_What is required_:
From the listing below, retype exactly the line holding "Coach Outlet Teri", the line holding "Kamizelka typu Chest Rig - Ranger Green", and the lines between them; skip everything else.

_Records provided_:
********

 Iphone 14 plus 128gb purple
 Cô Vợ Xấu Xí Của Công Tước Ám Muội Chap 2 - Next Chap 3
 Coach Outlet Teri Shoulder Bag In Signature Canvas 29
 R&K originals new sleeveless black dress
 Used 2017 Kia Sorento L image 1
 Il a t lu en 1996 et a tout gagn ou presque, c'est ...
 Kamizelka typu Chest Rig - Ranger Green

********

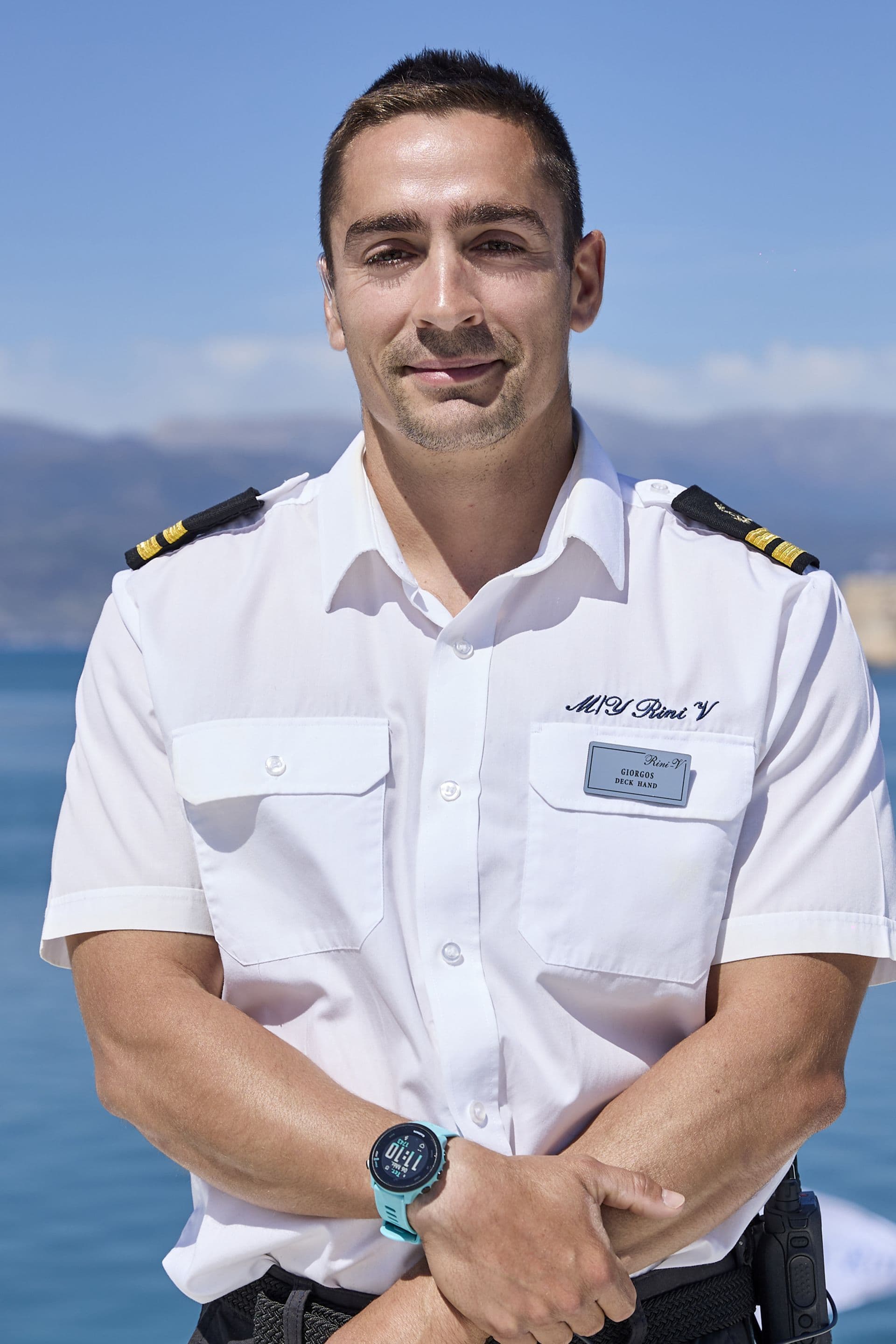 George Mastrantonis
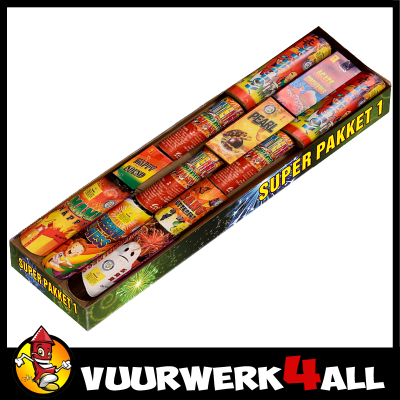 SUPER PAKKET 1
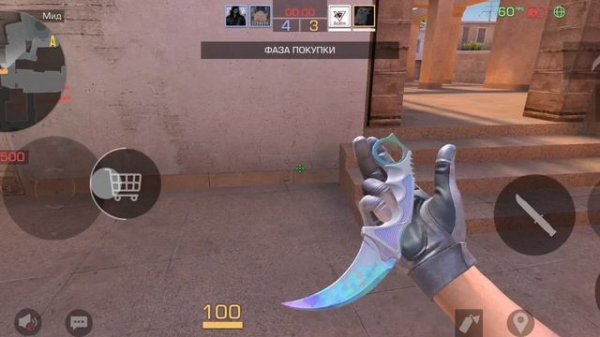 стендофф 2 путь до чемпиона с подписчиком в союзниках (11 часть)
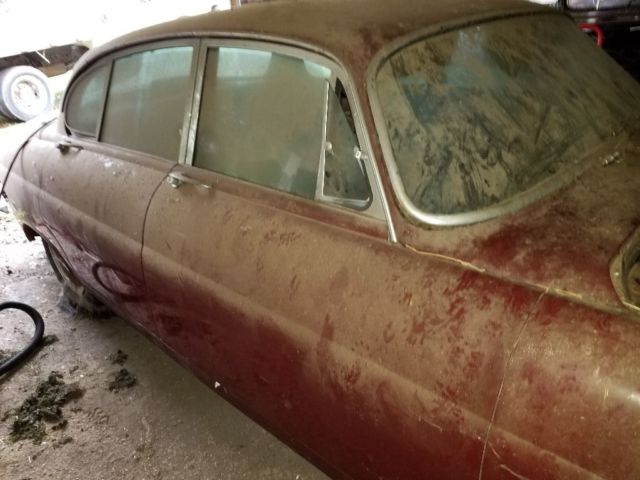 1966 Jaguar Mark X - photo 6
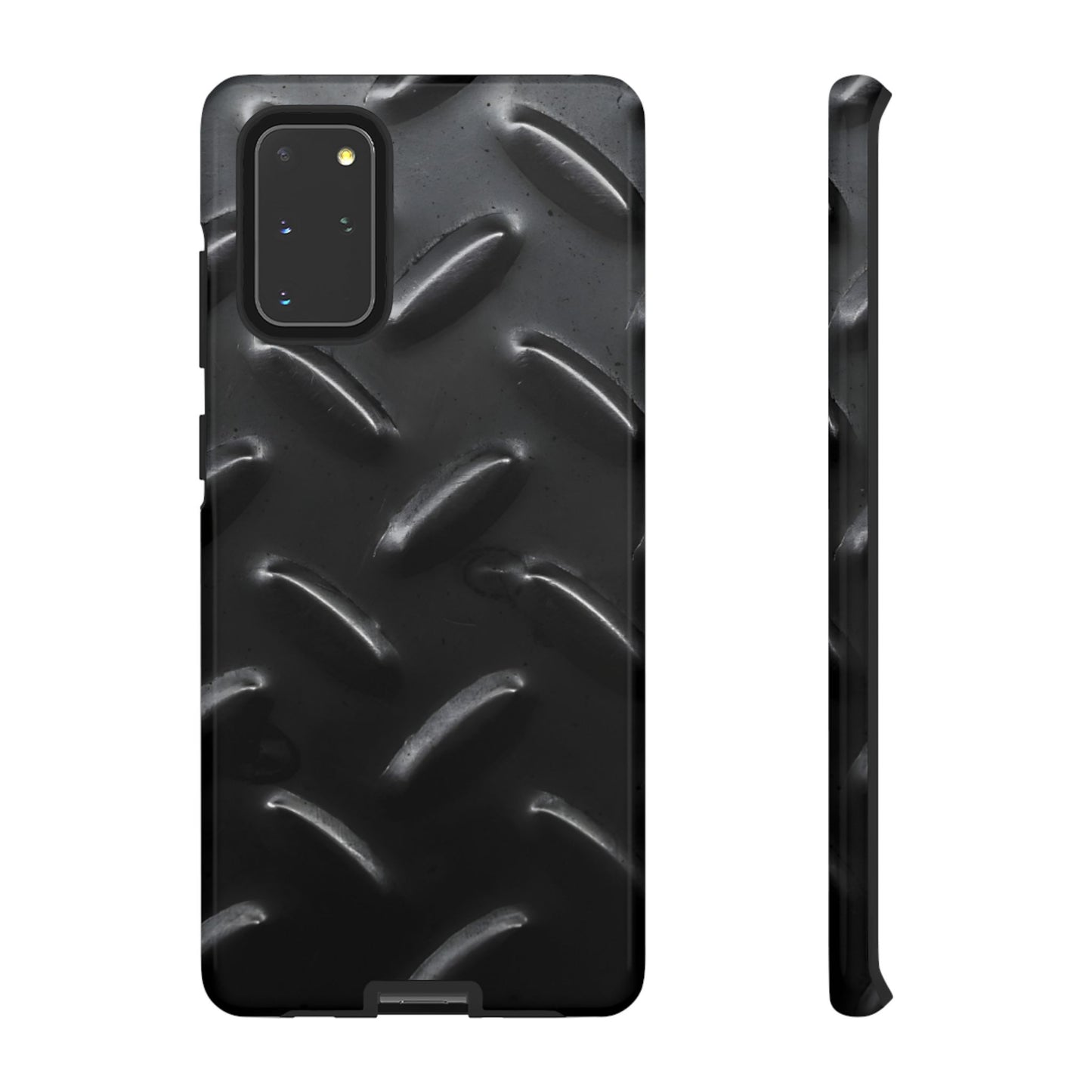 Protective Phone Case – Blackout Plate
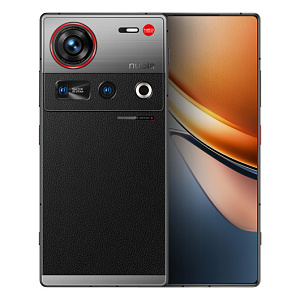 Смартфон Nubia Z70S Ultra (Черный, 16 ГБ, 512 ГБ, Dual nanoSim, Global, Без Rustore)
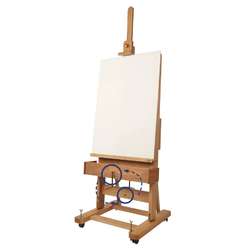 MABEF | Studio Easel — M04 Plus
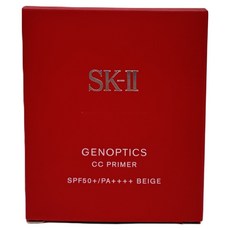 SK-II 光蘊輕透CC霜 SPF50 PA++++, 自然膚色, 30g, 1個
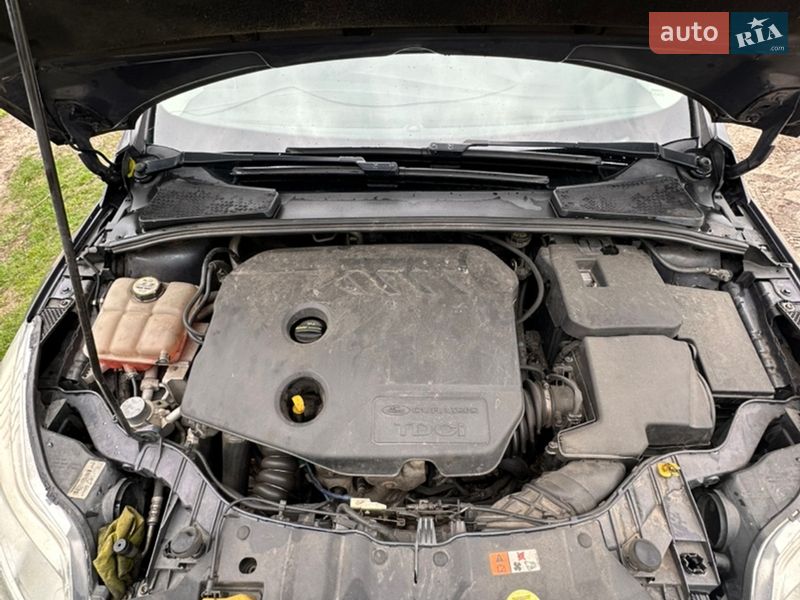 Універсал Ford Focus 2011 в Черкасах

********

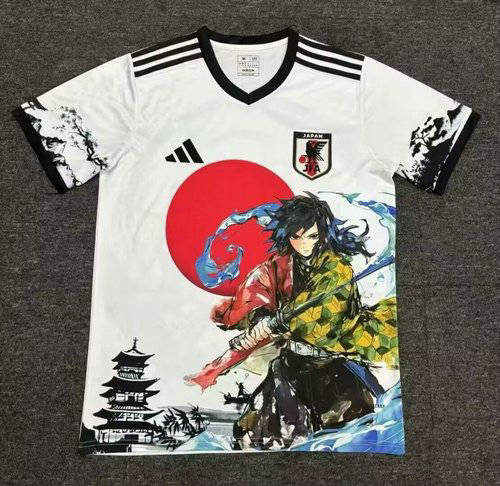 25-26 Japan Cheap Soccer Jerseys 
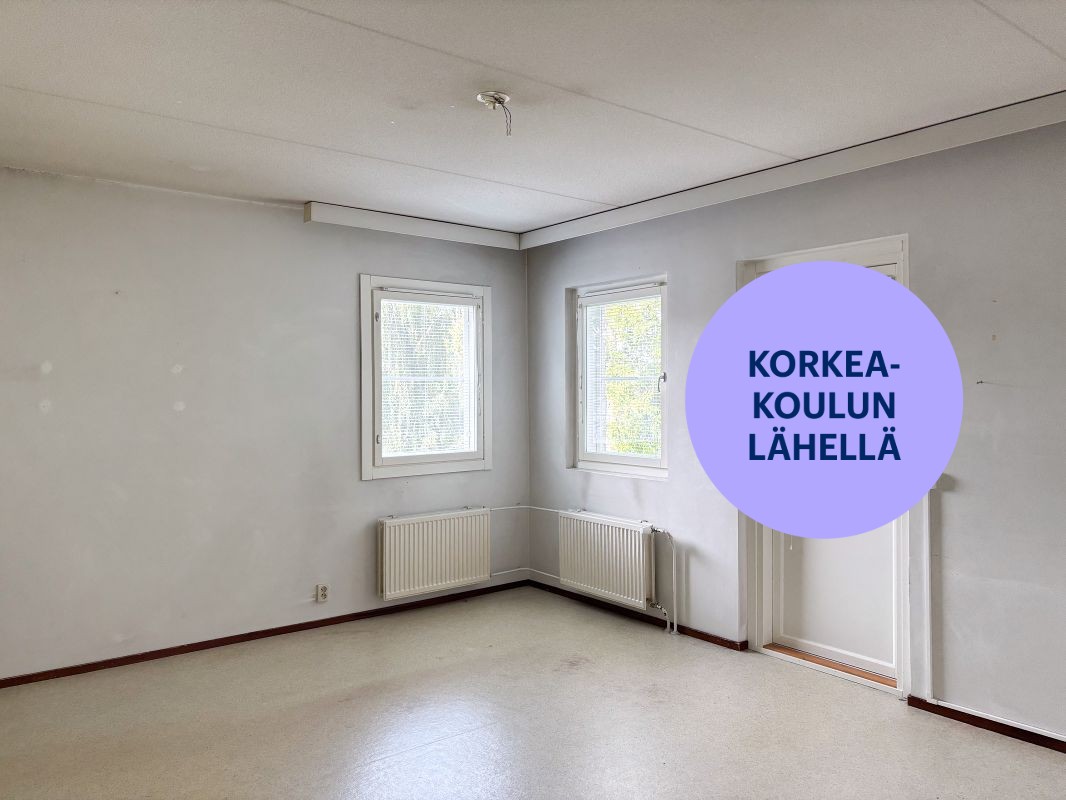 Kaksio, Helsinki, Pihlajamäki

********

_Exercise response_:
 Coach Outlet Teri Shoulder Bag In Signature Canvas 29
 R&K originals new sleeveless black dress
 Used 2017 Kia Sorento L image 1
 Il a t lu en 1996 et a tout gagn ou presque, c'est ...
 Kamizelka typu Chest Rig - Ranger Green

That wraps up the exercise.